Distributed Big Social Data Analysis

Riccardo Cantini’s research in big social data analysis explores how detailed user information from social media can be leveraged to uncover users’ perceptions of real-world events, offering data-driven insights into socio-political phenomena. His work addresses critical issues including reliability, language barriers, and dynamicity, while also tackling the challenges related to resource-intensive computation.
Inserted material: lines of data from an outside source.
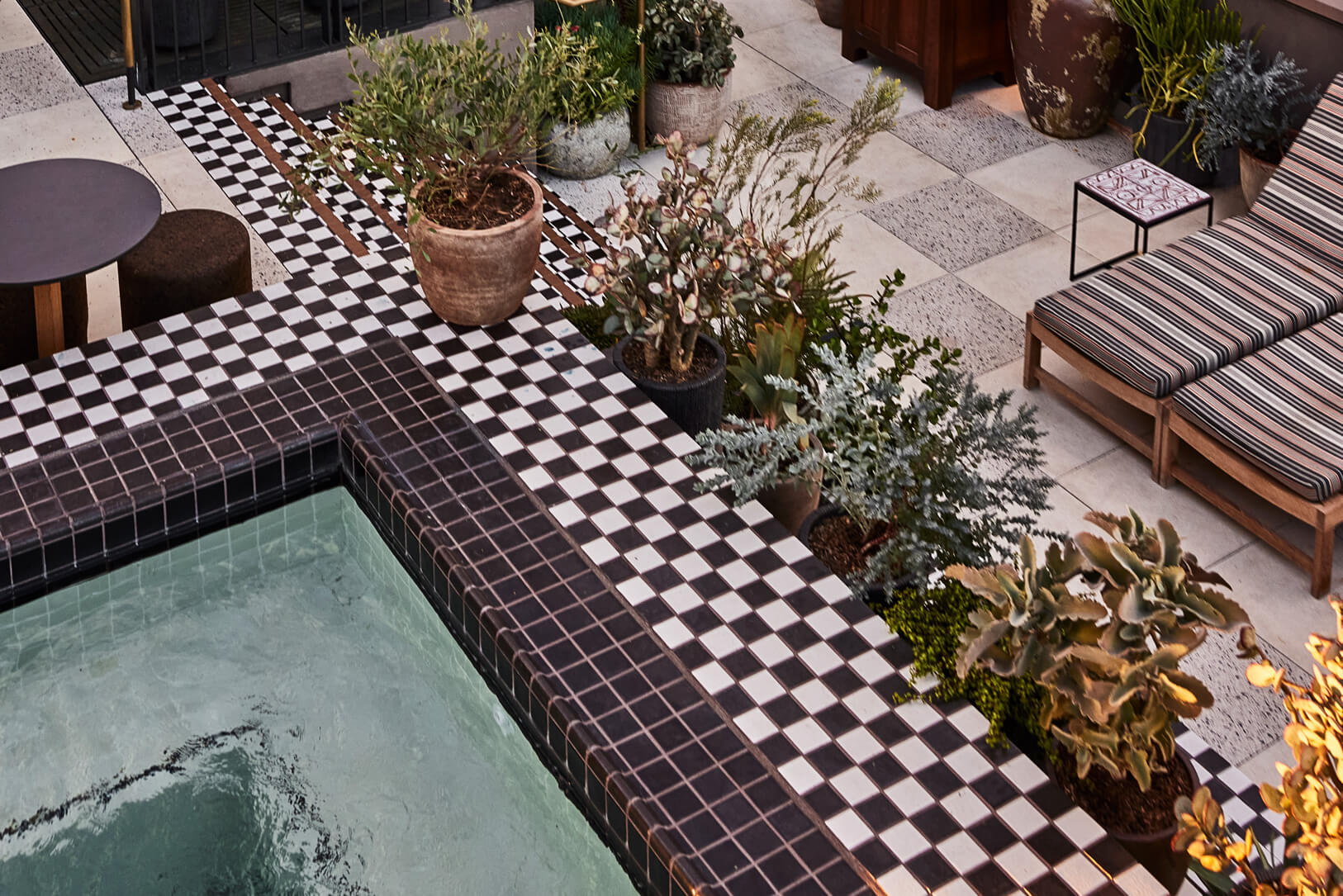 Downtown LA Proper Pool with tiled floors and loungechairs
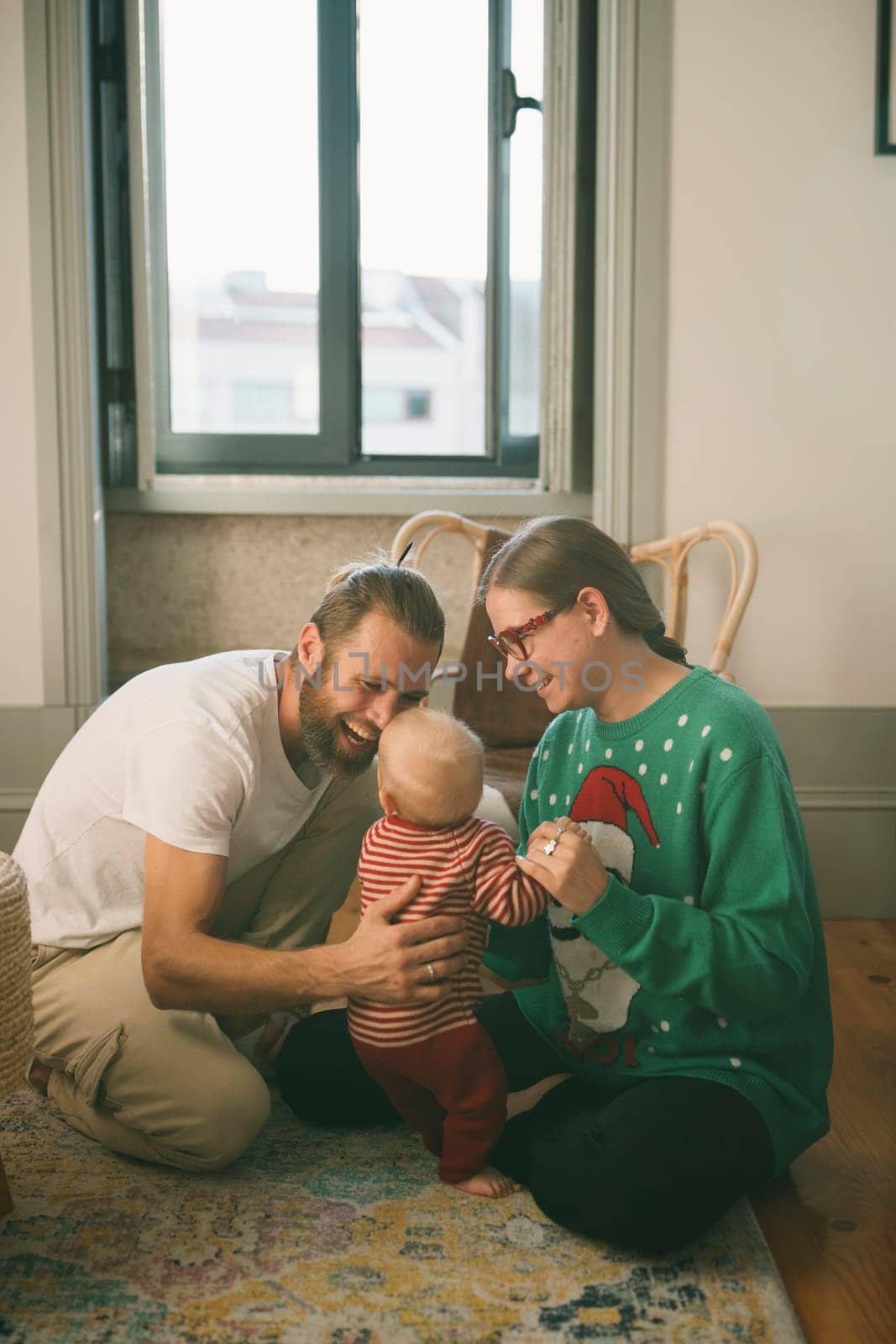 A heartwarming family bonding session featuring a delightful baby, joyfully celebrating love and togetherness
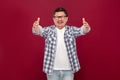 Portrait of happy glad to seeing handsome middle aged business man in casual checkered shirt and eyeglasses standing toothy smile Royalty Free Stock Photo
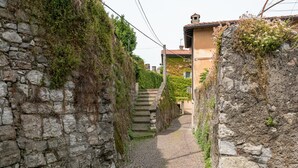 A narrow cobblestone street flanked by stone walls and vegetation. - Campari Aperol in Iseo (Iseo)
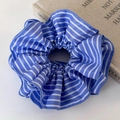Macro shot of blue and white striped fabric scrunchie with fine stitching details - Light Blue Striped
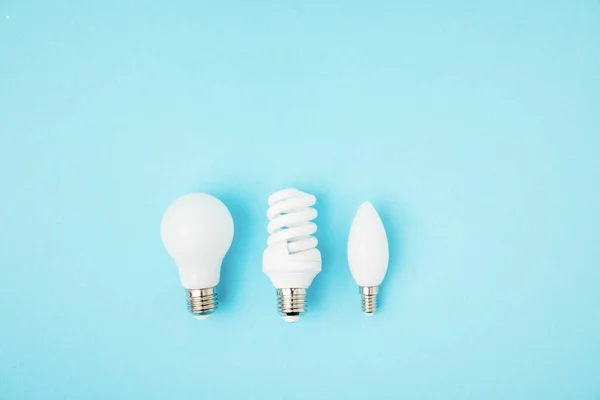 Top View Different White Lamps Isolated Blue — Stock Photo, Image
Political Polarization in Big Social Data

Cantini’s research in this field is primarily centered on politically polarized big social data, mainly those generated during election campaigns and referenda. A primary focus is determining the political leanings of social media users by analyzing the intricate dynamics of the multifaceted online political discourse. Key contributions include IOM-NN (Iterative Opinion Mining using Neural Networks), a semi-supervised methodology that employs feed-forward neural networks to estimate the political polarization of social users during political events. This tool offers an accurate, fast, and cost-effective alternative to traditional opinion polls, also capturing sentiments on sensitive topics that users might avoid addressing openly. This methodology was further developed to examine the relationship between user polarization and sentiment toward political candidates, modeling political support across a broad spectrum of emotions. Topic modeling enhances this process, providing a richer representation of online conversations and enabling a comprehensive analysis workflow for polarized social data. Cantini’s research also addressed challenges related to the influence of social bots on legitimate users and temporal dynamics in voting predictions. Specifically a novel methodology was introduced, termed TIMBRE (Time-aware Opinion Mining via Bot Removal), which estimates political polarization amidst temporal fluctuations and bot malicious activity, achieving a reliable estimate of user polarization. Furthermore, the integration of information diffusion and influence maximization with polarization analysis is explored through WABC (Weighted Artificial Bee Colony), a bio-inspired algorithm designed to identify the key influencers in a politically polarized social network and uncover the primary information diffusion strategies employed by each faction during the political campaign.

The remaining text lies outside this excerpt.